Mr. Rod Hauser reports
LEADER ENERGY SERVICES REPORTS THIRD QUARTER 2014 RESULTS
Leader Energy Services Ltd. has released its financial and operating results for the three- and nine-month periods ended Sept. 30, 2014. Leader's third-quarter condensed interim financial statements, and management discussion and analysis will be filed to SEDAR on Nov. 26, 2014. For further information, please refer to those filings.
PERFORMANCE SUMMARY
(in thousands of dollars)
Quarter ended
Sept. 30, Sept. 30,
2014 2013
Revenue $ 4,779 $ 5,260
Operating expenses 3,217 4,022
1,562 1,238
General and
administrative 865 1,066
Amortization 815 1,007
Finance cost 963 895
Other 14 18
Net (loss) $ (1,095) $ (1,748)
(Loss) per share -- basic $ (0.04) $ (0.06)
(Loss) per share -- diluted $ (0.04) $ (0.06)
EBITDA (1) $ 683 $ 154
Adjusted EBITDA (1) $ 691 $ 178
Nine months ended
Sept. 30, Sept. 30,
2014 2013
Revenue $ 15,800 $ 16,200
Operating expenses 12,004 12,778
3,796 3,422
General and
administrative 2,777 3,066
Amortization 2,825 3,000
Finance cost 2,830 2,914
(Loss) on settlement of
loans and borrowings - 233
Asset impairment 2,419 -
Other 57 78
Net (loss) $ (7,112) $ (5,869)
(Loss) per share -- basic $ (0.24) $ (0.20)

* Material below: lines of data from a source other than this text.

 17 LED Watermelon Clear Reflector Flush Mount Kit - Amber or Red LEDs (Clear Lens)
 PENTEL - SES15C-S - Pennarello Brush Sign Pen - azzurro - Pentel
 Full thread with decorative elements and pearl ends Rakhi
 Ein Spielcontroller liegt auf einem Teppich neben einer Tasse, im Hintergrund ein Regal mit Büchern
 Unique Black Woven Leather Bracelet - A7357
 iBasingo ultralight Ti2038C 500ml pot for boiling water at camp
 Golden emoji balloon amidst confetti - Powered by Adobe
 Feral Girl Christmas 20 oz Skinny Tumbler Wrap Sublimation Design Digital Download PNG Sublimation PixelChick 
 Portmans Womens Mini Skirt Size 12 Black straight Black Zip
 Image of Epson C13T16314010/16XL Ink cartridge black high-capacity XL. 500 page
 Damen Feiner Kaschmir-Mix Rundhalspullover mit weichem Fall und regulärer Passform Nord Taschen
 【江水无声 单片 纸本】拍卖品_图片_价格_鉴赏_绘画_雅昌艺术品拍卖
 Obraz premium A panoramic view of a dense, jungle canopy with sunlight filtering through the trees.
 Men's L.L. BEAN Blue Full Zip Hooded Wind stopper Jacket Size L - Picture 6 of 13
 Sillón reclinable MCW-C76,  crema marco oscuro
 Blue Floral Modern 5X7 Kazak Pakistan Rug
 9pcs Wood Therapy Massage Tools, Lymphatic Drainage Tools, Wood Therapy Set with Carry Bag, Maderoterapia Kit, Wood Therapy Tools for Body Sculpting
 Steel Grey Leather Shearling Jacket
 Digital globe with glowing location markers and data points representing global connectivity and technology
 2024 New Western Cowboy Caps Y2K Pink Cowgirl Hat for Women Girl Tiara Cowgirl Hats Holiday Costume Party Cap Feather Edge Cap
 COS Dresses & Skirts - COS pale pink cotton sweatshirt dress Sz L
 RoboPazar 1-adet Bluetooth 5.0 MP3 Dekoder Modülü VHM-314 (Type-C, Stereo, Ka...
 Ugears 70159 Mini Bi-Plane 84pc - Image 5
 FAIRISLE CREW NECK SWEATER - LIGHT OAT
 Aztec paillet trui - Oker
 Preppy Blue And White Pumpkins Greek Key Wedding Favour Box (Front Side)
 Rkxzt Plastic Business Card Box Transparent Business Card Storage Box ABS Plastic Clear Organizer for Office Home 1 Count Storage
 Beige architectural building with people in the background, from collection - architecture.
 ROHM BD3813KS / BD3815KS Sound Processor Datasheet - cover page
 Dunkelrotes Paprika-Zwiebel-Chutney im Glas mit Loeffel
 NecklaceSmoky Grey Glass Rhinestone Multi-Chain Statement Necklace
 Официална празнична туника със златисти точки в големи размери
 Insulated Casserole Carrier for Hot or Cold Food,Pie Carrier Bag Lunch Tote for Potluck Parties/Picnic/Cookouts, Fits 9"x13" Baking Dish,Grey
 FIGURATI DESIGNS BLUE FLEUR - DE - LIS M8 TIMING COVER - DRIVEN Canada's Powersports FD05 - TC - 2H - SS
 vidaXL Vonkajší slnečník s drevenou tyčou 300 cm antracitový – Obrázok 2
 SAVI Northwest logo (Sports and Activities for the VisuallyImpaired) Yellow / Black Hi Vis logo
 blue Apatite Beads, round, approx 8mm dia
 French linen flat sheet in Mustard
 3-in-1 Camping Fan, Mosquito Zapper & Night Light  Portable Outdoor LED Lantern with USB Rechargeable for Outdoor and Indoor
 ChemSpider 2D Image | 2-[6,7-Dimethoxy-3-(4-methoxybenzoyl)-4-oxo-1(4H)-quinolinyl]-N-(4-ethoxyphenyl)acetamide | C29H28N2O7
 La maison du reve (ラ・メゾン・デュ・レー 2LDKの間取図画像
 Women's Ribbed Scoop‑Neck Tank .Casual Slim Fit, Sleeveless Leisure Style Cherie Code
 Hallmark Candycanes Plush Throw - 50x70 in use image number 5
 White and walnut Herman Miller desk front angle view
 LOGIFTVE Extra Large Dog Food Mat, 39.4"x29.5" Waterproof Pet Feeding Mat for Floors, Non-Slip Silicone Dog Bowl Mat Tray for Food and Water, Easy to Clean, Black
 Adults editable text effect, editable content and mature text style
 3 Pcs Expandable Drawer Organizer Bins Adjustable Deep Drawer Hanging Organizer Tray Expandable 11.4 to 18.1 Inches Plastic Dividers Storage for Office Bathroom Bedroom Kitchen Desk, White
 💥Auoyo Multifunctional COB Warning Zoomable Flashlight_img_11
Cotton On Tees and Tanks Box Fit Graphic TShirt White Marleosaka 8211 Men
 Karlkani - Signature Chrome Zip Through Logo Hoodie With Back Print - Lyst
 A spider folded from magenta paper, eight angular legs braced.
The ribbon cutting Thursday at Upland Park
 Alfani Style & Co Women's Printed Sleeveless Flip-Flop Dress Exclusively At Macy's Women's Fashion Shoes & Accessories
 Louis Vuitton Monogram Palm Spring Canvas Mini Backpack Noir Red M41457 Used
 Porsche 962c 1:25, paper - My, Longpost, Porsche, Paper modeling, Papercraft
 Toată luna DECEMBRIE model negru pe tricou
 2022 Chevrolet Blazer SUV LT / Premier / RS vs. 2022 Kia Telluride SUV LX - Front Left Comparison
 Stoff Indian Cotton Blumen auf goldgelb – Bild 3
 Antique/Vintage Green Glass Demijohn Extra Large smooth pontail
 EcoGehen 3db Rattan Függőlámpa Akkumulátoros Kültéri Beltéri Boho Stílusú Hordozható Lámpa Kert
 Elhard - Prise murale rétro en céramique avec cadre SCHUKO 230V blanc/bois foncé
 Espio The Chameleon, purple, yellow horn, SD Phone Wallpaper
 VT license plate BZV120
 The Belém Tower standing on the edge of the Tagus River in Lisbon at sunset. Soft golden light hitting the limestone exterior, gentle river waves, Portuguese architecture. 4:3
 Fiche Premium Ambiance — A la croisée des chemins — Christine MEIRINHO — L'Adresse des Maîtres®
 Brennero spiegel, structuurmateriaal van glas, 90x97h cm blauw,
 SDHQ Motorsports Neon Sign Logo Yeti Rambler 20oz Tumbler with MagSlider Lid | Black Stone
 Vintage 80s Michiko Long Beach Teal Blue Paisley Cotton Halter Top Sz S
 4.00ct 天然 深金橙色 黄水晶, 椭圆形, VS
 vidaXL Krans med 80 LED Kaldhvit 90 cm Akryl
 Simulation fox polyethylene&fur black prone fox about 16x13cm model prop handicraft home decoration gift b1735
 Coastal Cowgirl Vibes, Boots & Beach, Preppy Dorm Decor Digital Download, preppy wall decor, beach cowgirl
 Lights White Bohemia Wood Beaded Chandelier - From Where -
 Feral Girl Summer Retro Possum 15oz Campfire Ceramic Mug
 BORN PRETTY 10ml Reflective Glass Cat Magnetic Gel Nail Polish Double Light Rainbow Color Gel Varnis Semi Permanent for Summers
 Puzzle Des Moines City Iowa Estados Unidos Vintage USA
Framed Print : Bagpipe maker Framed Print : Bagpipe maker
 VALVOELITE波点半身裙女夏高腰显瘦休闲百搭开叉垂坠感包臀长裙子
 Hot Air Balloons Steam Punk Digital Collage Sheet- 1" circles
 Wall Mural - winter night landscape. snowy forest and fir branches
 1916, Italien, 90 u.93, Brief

(Loss) per share -- diluted $ (0.24) $ (0.20)
EBITDA (1) $ (1,457) $ 45
Adjusted EBITDA (1) $ 987 $ 361
(1) EBITDA refers to net income before finance costs,
taxes, depreciation and amortization. As the company
has not recorded any provision for income taxes,
taxes have been excluded from the reconciliation.
Adjusted EBITDA is calculated as EBITDA before non-
cash losses on the settlement of loans and borrowings,
asset impairment and share based payments. EBITDA and
adjusted EBITDA are not measures that have a standardized
meaning and, accordingly, may not be comparable with
similar measures used by other companies. Management
believes that EBITDA and adjusted EBITDA are useful
measures of cash flow generated from operations as they
eliminate non-cash items, non-recurring items, and the
effects of finance costs and financial restructuring.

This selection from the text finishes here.